When you take into consideration the fact that most working age Americans spend approximately 40 to 50 per cent of their waking hours at work, it is no wonder that every year millions of people suffer injuries or accidents in their workplaces. Not only is there the obvious cost of lost work, compensation and medical coverage involved, there are numerous hidden costs associated with workplace accidents and injuries.
The obvious associated direct costs of workplace accidents and injuries involve the immediate cost of treatment, additional associated medical costs, hospital and physician bills, occupational therapy, prescription medicine and medical equipment. Most workers' compensation insurance will cover these direct costs. The federal government requires that most businesses that employ five or more employees must carry workers' compensation insurance. This rule may or may not apply to businesses that employ only part-time workers, and will depend upon the state in which the employment occurs.

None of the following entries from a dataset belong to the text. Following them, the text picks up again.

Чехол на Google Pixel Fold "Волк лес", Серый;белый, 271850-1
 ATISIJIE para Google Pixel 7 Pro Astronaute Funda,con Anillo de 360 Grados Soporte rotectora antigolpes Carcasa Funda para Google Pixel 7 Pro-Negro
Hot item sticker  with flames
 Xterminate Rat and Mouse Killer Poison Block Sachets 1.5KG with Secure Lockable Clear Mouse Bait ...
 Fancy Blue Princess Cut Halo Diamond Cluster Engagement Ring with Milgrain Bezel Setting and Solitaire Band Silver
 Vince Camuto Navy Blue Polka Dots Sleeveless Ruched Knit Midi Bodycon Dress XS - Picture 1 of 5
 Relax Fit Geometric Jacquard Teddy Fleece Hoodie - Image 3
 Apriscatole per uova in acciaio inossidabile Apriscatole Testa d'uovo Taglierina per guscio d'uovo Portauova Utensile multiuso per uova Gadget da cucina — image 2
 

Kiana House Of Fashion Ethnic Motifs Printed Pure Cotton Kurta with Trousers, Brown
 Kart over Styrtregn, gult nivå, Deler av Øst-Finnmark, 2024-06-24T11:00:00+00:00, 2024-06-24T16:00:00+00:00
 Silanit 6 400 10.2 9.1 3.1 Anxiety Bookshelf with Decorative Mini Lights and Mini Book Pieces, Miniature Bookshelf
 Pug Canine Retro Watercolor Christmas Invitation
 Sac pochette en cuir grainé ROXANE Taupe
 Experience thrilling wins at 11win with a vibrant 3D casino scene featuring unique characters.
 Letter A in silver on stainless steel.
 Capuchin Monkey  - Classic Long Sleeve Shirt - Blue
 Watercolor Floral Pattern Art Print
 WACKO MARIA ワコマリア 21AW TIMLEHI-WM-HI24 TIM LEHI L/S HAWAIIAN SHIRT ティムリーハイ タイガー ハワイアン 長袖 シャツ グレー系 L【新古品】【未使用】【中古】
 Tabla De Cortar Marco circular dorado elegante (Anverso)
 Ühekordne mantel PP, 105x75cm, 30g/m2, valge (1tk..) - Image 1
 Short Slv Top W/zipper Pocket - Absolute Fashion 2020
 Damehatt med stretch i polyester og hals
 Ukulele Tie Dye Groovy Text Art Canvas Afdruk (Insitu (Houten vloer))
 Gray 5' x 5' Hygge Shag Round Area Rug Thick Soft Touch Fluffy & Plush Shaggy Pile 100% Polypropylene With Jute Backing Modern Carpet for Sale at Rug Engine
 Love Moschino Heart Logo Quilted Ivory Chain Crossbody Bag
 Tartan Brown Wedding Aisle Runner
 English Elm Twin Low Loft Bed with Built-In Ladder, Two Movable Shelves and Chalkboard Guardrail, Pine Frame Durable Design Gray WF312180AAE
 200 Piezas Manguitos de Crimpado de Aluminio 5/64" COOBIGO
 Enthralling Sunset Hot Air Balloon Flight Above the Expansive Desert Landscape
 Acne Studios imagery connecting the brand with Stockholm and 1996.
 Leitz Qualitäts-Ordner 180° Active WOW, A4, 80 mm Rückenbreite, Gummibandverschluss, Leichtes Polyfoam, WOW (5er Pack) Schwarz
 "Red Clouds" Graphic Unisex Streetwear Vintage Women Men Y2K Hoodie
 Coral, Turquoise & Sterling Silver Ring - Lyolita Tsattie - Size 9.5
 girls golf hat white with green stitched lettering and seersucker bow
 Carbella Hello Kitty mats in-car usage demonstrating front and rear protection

Indirect costs associated with workplace accidents and injuries include damage to the equipment the worker was using, loss of work time and cost to hire and train a permanent or temporary replacement for the employee. Other indirect hidden costs include the possibility that the employer's insurance premium may raise because of the accident. Indirect costs associated with workplace accidents and injuries can total as much as three or four times the amount of the direct costs and may amount to 30 times the amount spent for direct costs, depending upon the type of accident that occurred.
Estimating the Costs
Because each accident or injury is unique, it is impossible to estimate an exact cost associated with each type of accident or injury. The occupation associated with the accident or injury can help predict how likely an injury or accident is to occur, as some occupations place employees in more danger than others. All jobs expose workers to some risk of accident regardless of what type of employment is involved. Businesses that employ individuals who are most at risk of injury on the job are therefore more likely to suffer some type of lost revenue due to workplace accident or injury.
Workplace Safety Programmes
Companies that focus on safety programmes tend to have a decreased overall rate of accidents, better employee morale and increased productivity. Many companies offer some sort of incentive to employees who have no workplace safety incidents as a part of their workplace safety programmes. One problem with this type of incentive programme is that it may encourage employees to fail to report minor workplace accidents or injuries in an effort to earn an incentive reward.
Other costs associated with workplace accidents and injuries may include the cost of legal services if the employee sues the company, the cost of accident investigation and the implementation of measures to correct the situation that caused the accident or injury to occur. Additional safety training may be required after an accident, which prevents business operation and thwarts profits during the training session.